There is something both comforting and encouraging about watching this bulb blossom as I attempt to bring focus and meaning into this new year.
I hope your life is unfolding in wonderful new ways, too.
P.S. The cute little bear in the window, a gift from my husband, is a Margaret Hudson design. Margaret began creating art to support her family when her husband became unable to work. She became well known and loved in the Central Valley of California and beyond.
Last you heard I’d found my voice. Well, easy come easy go! I’ve been down with a cold the past week. It’s been doubly hard because I was mentally prepared to charge into 2020.
Last year was a difficult one as we moved from Carmel California to Sacramento. Everything changed. I slipped into depression and gained ten pounds. I’m feeling stronger and ready to chase the attainable yet challenging goals I’ve set for myself.
But, I’m currently practicing patience. Life is like that. At 59 years old, I’ve learned that things don’t always go as planned. The year is young. It’s only beginning and I hope to flower, in time, with proper care.
All the best,
Chapter 2: Look What I Can Do!
I’m a visual person and this seems to be how I decide what I want to invest my energy in. Last January I pictured myself blogging in my pink shed. By March, I was writing to you!
This year I pictured a stronger me; I never thought I’d say that. I’m lifting weights; I never thought I’d do that! And, I’m making progress!
When I hobbled in to meet my personal trainer, I was nine pounds heavier with a swollen, blue ankle. Jonathan was supportive and instructive. He was careful to reinforce the correct position for every exercise so that I would not experience a “gym injury” of any kind. After all, I confessed that I am an extremely experienced and talented klutz. My friends asked if I felt that he was pushing me to my max, and I had to respond negatively….until.
I made a quick trip over to see my daughter who is an active college student. Her routine includes Boot Camp in the Park every Sunday.

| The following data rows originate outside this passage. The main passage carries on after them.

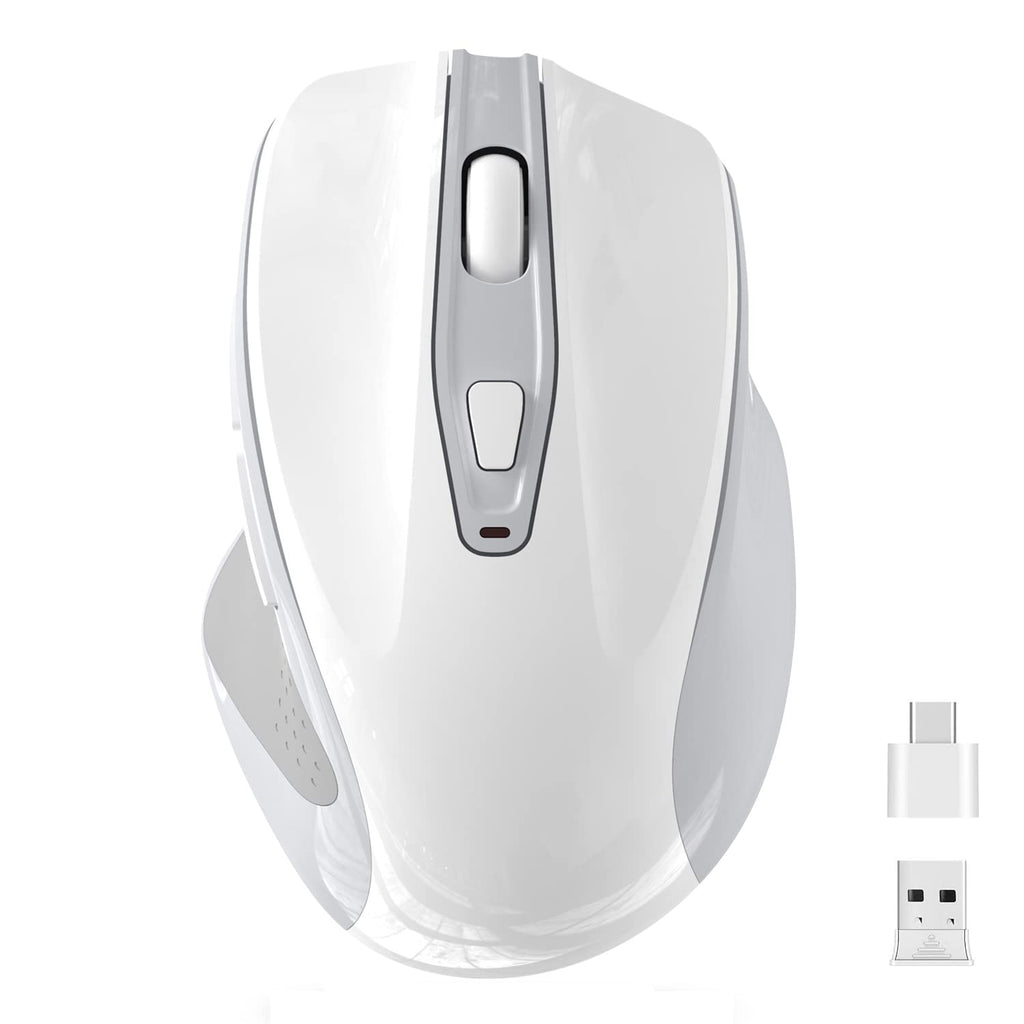 [Australia - AusPower] - Rechargeable Computer Wireless Mouse, 2.4G Portable USB Mouse Ergonomic Mouse with Nano USB and Type C Receiver Compatible with PC, Laptop, MacBook and All Type C Devices (White) 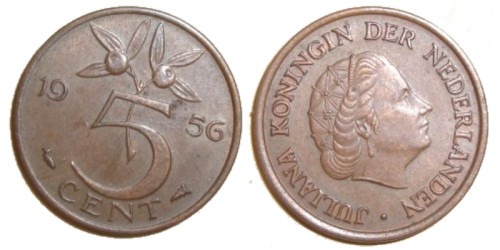 5 центов 1956 Нидерланды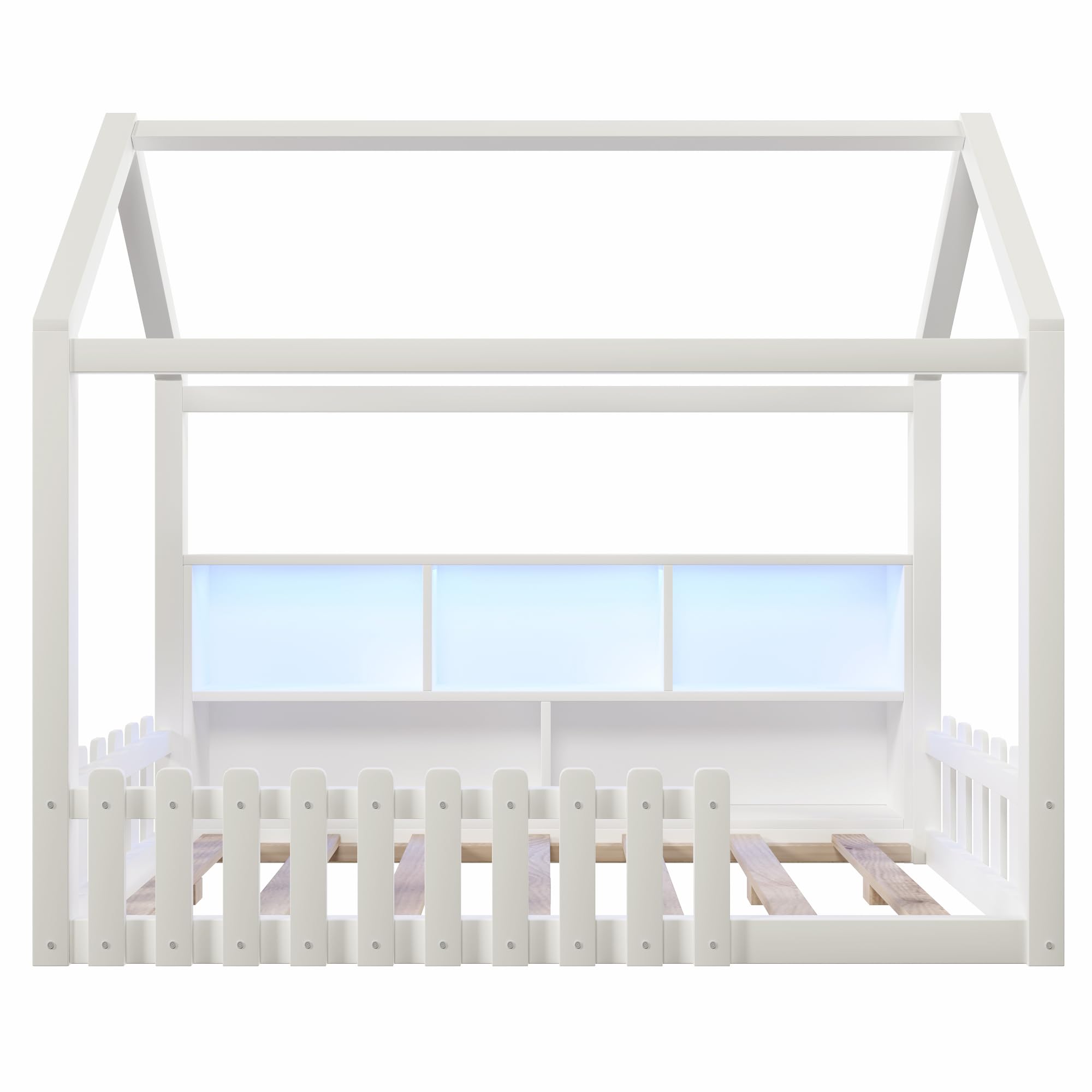 Lit cabane Enfants 90x190 cm avec LED,lit Enfant avec Barriere,lit Enfant cabane lit au Sol Enfant,Compartiments de Rangement Ouverts, Design Maison,Bande de Maison,Bois de pin,Blanc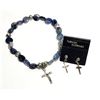 13)  SILVER TONE WITH BLUE STONES AND CROSS ACCENT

How could I say no?! The trainer modified some of the activities to take into account my weak ankle, but I pulled my weight…figuratively and literally! I felt so proud of myself that I sent a photo to my trainer.
Oops! I returned home to an amped up routine.
“Ack, you don’t feel sorry for me anymore, do you?!” I asked Jonathan.
“Nope, think I saw you dragging a weighted tire through the park!” he answered.
When, way back when, I was in high school, kids divided themselves up into four groups: jocks, brains, socials and stoners. I fell into the “brains” group. I’ve always felt most comfortable pursuing intellectual goals. My recent foray into the gym has not been easy and so I feel that much more pride in my commitment and effort. I am getting stronger! I love that. This brings me to my second bit of newly acquired wisdom on My Journey to Strong:
We are capable of more than we think!